> **Required action**
Would you transcribe each entry precisely as it stands, setting aside any images?

+++ Material for the task +++

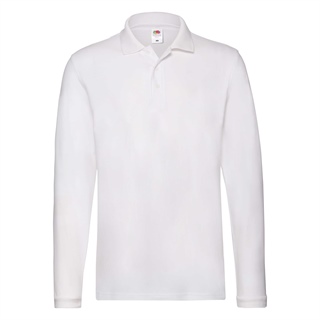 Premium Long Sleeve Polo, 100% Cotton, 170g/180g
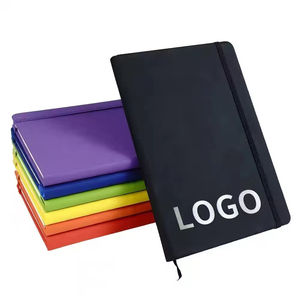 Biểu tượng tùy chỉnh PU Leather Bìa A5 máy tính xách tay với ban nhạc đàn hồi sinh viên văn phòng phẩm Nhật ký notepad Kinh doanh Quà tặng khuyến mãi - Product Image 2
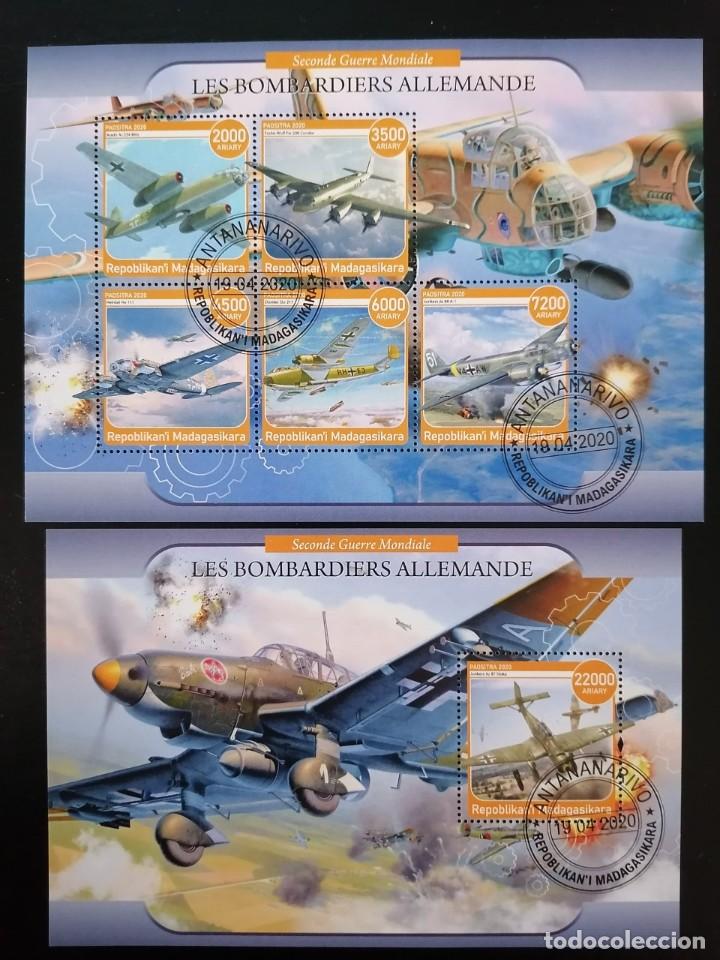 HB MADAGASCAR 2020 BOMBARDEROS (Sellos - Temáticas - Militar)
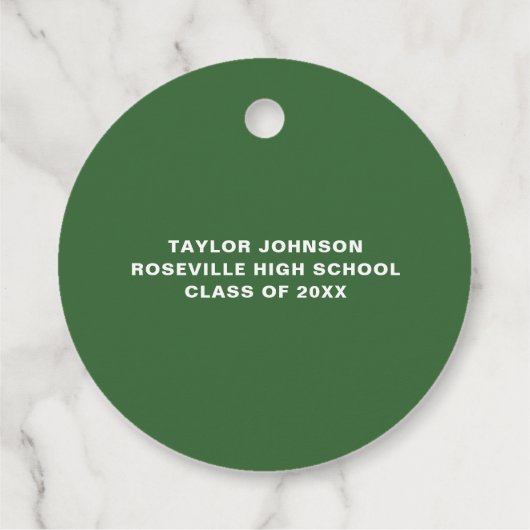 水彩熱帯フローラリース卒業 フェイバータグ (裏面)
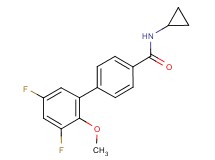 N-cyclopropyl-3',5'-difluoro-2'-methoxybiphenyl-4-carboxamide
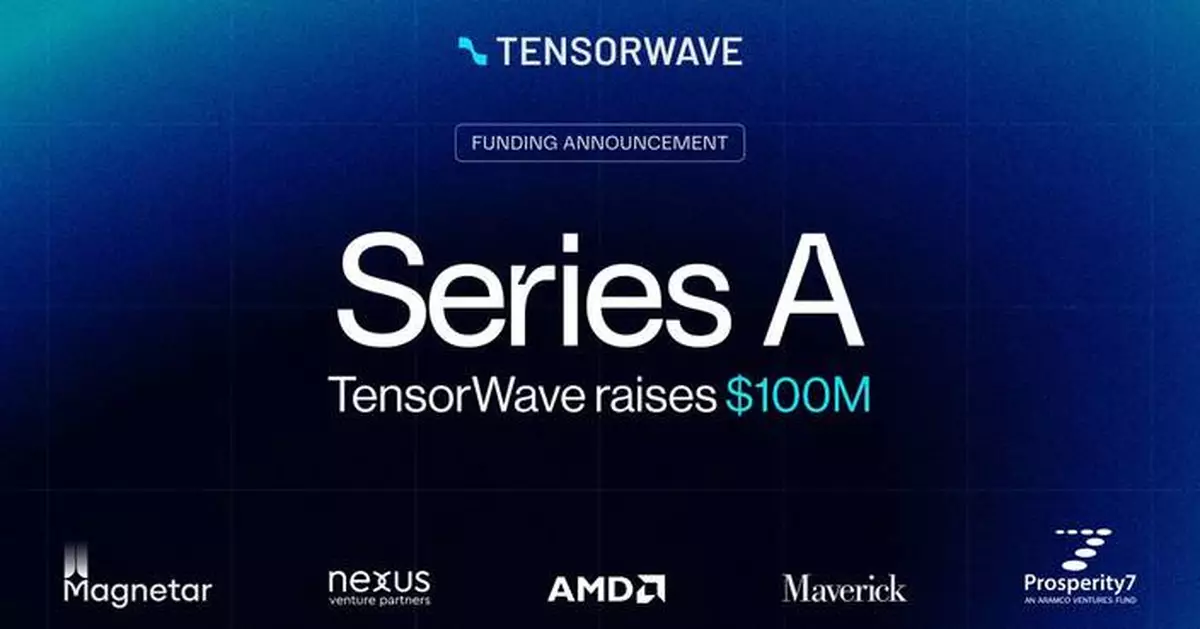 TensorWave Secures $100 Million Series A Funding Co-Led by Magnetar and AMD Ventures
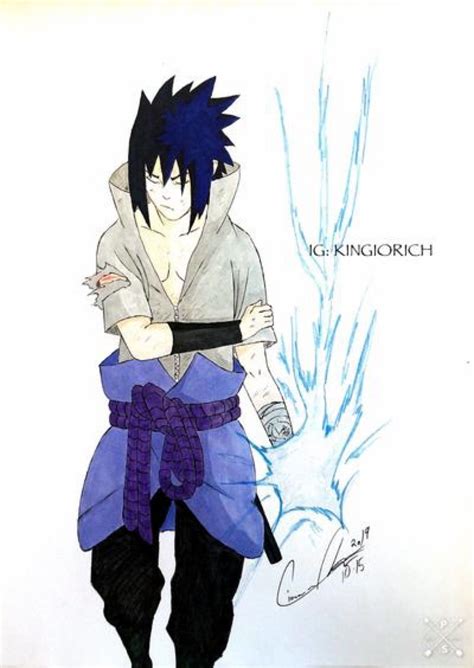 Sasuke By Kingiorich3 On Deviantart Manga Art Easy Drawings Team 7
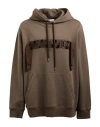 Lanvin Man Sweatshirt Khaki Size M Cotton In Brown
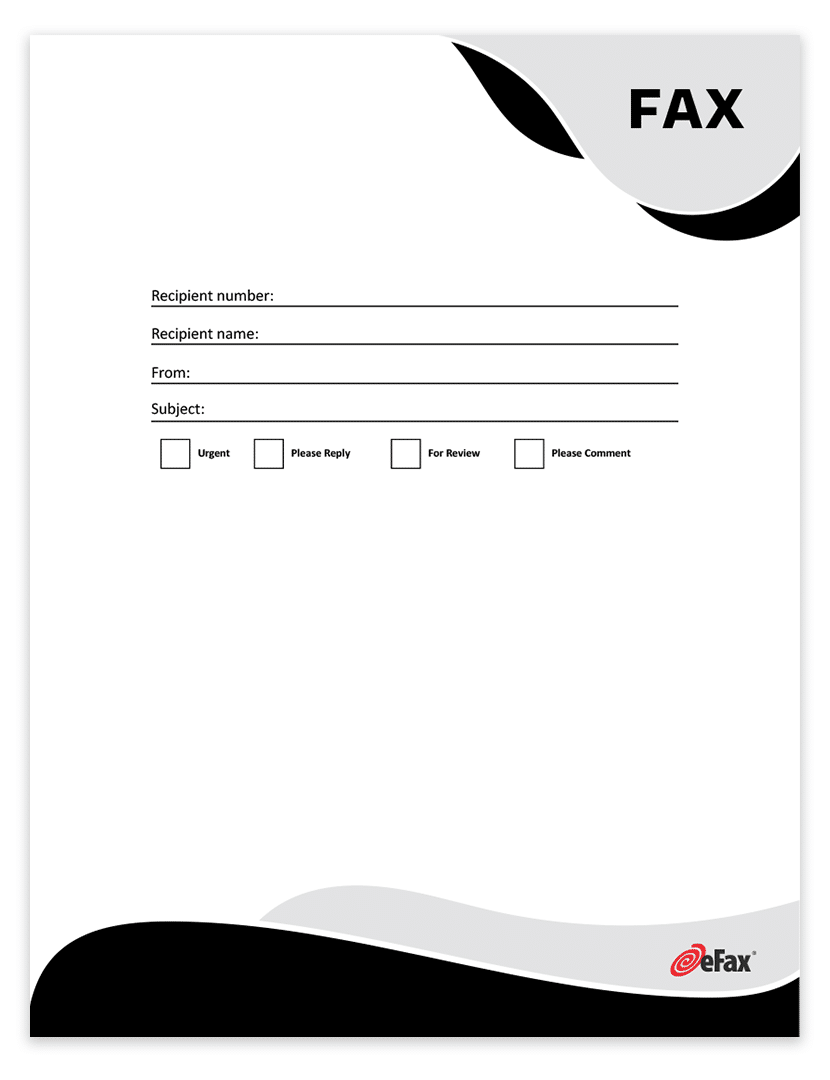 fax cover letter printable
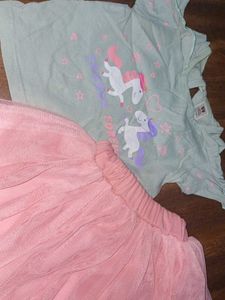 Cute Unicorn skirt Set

+++

> **Solution to the problem**
 Premium Long Sleeve Polo, 100% Cotton, 170g/180g
 Biểu tượng tùy chỉnh PU Leather Bìa A5 máy tính xách tay với ban nhạc đàn hồi sinh viên văn phòng phẩm Nhật ký notepad Kinh doanh Quà tặng khuyến mãi - Product Image 2
 HB MADAGASCAR 2020 BOMBARDEROS (Sellos - Temáticas - Militar)
 水彩熱帯フローラリース卒業 フェイバータグ (裏面)
 N-cyclopropyl-3',5'-difluoro-2'-methoxybiphenyl-4-carboxamide
 TensorWave Secures $100 Million Series A Funding Co-Led by Magnetar and AMD Ventures
 Sasuke By Kingiorich3 On Deviantart Manga Art Easy Drawings Team 7
 Lanvin Man Sweatshirt Khaki Size M Cotton In Brown
 fax cover letter printable
 Cute Unicorn skirt Set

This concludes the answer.